Now we know that it was a tip-off. Last night, the season opened and it was roughly eight weeks after the last season left off, in early 1969. And we’re in L.A. "I felt that the consequences of what happened last season were so huge that I didn’t want to skip past that," explains Weiner, who made this the briefest between-seasons leap in the series’ timeline. "We’ve always had dramatic endings, but I’ve also always gotten story momentum on the season by pushing it six months, or whatever, and letting the audience catch up."
There’s plenty to catch up on. Don Draper has lost his job, he has come clean to his daughter, he has alienated his wife, who has moved to Los Angeles leaving Don back in New York. "I felt I could not skip over this," says Weiner. "I cannot come back six months later and miss what is really the story of this man, which is how is he going to deal with this."
When I ask Weiner about the white lie of the tile-wall gallery, the notoriously secretive show creator laughs, heartily, but says nothing. (Production designer Dan Bishop says that wall was "straight from Matt." Bishop, who describes the process behind some of the new season's locations in another story—watch this space—says all he had to do was confirm that the walls were around at that time, and they were).
Still, Weiner speaks of his childhood love of Los Angeles, the city he calls home, and what he’s done to infuse that kind of fresh perspective into the writers’ room this year.
Weiner isn’t a Los Angeles native, but he moved there from Baltimore with his family when he was 10. The 48-year-old says that relocation shaped his perspective to this day. "I have an eye for Los Angeles that is of a stranger, on some level. I get excited when I see the sign that says ‘Beverly Hills.’ I get excited when I come out of the tunnel on the 10 [freeway] and see the ocean. I still have that childhood attitude about what is exciting about Los Angeles."
Though he set Mad Men in New York (but shoots it in L.A.), Weiner has long wanted to tell the story of the cultural rise of California. "We started out the show in the April of 1960, when New York was the center not just of the country but of the world. And California slowly became the greatest cultural influence. All the businesses moved out here, for different reasons, too." The music business was booming at that time. Even the movie business had a new charge.
"We’ve been lucky," he says. "A lot more [architecture] has been preserved in Los Angeles than in New York. So shooting Los Angeles for New York has been easier because New York has had absolute destruction—most of its period character has been destroyed. It’s taken about 10 years, done in by real estate interests. In Los Angeles, we’ve lost a lot of stuff, too, but being so spread out that there are pockets that haven’t updated, so we’ve had an easier time here.
"The show business part of it is always amusing to me, and Megan is younger than Don, so no matter how much older she gets she’s closer to youth culture than he is. In California it is not a political statement, it’s just a fact and it’s the style.
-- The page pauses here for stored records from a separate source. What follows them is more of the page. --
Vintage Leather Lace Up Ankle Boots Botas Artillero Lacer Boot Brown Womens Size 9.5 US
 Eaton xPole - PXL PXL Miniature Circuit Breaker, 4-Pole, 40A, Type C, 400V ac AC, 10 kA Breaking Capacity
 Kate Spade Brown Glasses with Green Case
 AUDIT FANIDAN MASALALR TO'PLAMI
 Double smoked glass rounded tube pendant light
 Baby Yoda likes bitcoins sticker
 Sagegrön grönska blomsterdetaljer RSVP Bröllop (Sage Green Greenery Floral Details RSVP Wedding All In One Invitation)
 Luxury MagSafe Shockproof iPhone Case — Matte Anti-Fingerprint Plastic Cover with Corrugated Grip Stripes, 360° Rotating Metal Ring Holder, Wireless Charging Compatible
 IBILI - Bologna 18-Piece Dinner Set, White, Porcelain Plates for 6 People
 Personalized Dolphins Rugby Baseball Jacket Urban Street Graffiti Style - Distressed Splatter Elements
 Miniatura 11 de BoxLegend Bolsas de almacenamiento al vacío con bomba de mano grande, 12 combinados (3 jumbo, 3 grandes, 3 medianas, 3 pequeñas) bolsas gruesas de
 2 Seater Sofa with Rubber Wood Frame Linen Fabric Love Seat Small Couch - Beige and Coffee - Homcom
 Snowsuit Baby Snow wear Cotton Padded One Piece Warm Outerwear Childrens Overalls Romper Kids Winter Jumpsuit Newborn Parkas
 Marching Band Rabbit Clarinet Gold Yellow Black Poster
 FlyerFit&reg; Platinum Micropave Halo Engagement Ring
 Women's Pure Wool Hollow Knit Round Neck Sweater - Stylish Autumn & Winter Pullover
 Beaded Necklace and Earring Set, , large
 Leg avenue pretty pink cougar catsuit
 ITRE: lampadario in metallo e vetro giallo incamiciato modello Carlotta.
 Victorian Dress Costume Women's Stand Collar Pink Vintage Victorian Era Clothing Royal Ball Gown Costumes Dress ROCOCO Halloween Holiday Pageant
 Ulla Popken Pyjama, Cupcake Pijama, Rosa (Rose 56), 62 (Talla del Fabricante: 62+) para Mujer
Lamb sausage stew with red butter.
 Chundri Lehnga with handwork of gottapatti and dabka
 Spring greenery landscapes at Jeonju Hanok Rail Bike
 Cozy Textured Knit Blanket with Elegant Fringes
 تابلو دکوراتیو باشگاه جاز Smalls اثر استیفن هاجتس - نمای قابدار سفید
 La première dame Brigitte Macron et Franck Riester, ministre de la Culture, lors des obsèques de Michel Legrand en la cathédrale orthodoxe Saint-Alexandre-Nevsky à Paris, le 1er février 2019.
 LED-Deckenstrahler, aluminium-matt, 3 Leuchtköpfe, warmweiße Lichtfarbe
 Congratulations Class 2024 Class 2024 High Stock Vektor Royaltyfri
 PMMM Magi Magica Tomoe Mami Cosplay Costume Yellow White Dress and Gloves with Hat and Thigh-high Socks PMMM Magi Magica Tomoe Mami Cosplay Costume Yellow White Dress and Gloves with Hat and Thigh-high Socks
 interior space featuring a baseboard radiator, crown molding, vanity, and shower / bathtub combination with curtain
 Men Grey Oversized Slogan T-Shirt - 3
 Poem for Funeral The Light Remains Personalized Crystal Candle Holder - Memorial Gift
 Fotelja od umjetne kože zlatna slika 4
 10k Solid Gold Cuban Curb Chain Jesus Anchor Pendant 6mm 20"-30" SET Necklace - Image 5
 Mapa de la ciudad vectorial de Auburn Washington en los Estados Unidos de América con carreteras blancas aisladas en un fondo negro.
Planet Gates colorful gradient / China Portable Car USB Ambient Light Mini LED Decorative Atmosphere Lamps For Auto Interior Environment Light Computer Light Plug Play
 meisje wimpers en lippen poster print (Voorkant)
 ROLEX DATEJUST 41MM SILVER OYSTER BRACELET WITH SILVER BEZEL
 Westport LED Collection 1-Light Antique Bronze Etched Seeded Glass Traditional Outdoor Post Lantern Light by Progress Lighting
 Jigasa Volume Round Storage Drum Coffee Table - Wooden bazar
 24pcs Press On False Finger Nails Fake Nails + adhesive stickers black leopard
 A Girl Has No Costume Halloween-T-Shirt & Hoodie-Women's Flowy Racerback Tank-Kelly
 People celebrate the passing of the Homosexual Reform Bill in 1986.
As we’ve shown every time Don comes out here, it’s very different than New York."
It’s not just living in L.A. that has shaped Weiner’s image of it. Movies had a huge influence. "I have that excitement about what Los Angeles is. It’s hotter. It’s slower. It’s laid back. I don’t know if it’s from [seeing] The Graduate, or what. I don’t even know if those qualities are part of the culture here, or if it ever was, or if it’s just a stereotype."
So he turns, in part, to one of the great filmmakers of the period he’s portraying. This season Robert Towne is a consultant in the room. Weiner brought him on because the San Pedro, CA, native is "an expert." After all, the man wrote such classic films as Chinatown and Shampoo—which is about sexual politics in 1968 Beverly Hills.
Towne’s not the first legendary screenwriter to consult on Mad Men. Frank Pierson, who wrote Cool Hand Luke and Dog Day Afternoon, worked on it for three seasons. "If you wrote Dog Day Afternoon, or Chinatown, and you want to come and sit on my TV show for a couple of days a week? Anything that you say is helpful."
Weiner likes having the variety of experiences working on the show. "It’s so social, it’s a huge resource. Writing is not something that should go away as you get older. On the other hand, Robert operates like it’s his first day in the business."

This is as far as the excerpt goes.